DATA RECORDS →

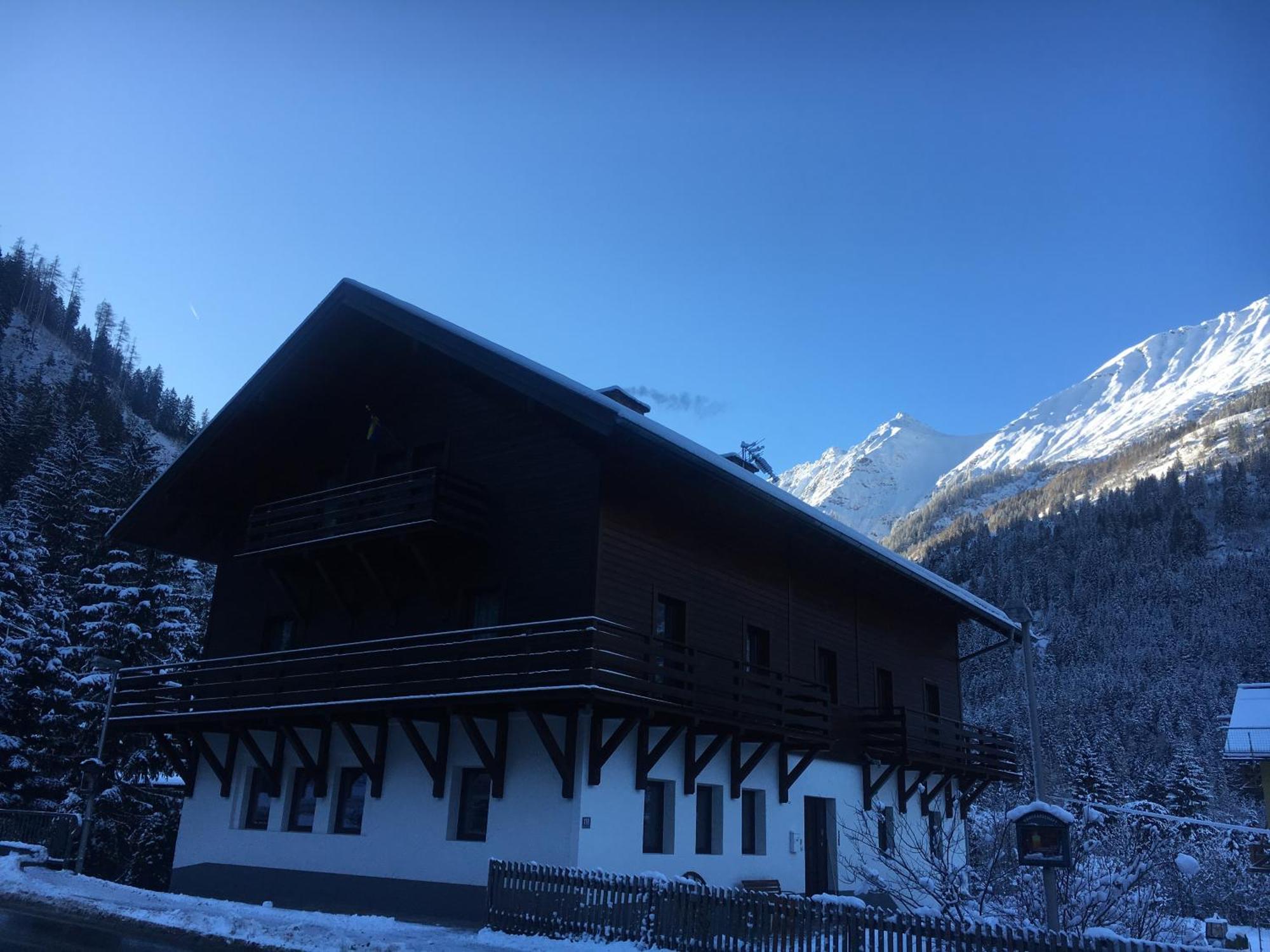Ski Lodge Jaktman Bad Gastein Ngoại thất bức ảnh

--

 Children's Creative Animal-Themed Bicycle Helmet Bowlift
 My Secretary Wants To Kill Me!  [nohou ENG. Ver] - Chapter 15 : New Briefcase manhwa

...

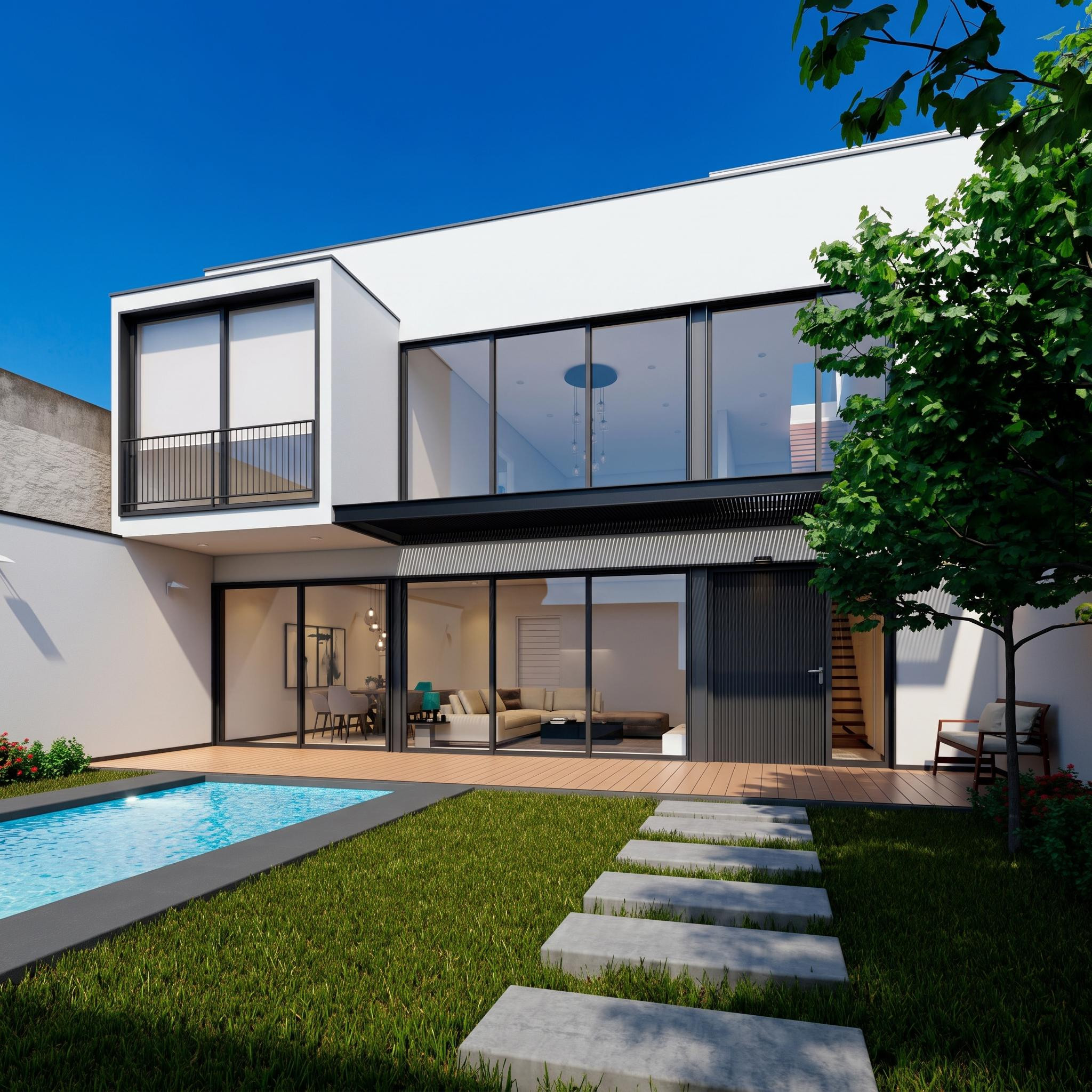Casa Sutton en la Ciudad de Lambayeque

WHAT IS BEING ASKED → Write out, from the lines above, only those from the line with "Children's Creative Animal-Themed" to the line with "My Secretary Wants", exactly as given, including the first and the last.

WRITTEN RESPONSE →
 Children's Creative Animal-Themed Bicycle Helmet Bowlift
 My Secretary Wants To Kill Me!  [nohou ENG. Ver] - Chapter 15 : New Briefcase manhwa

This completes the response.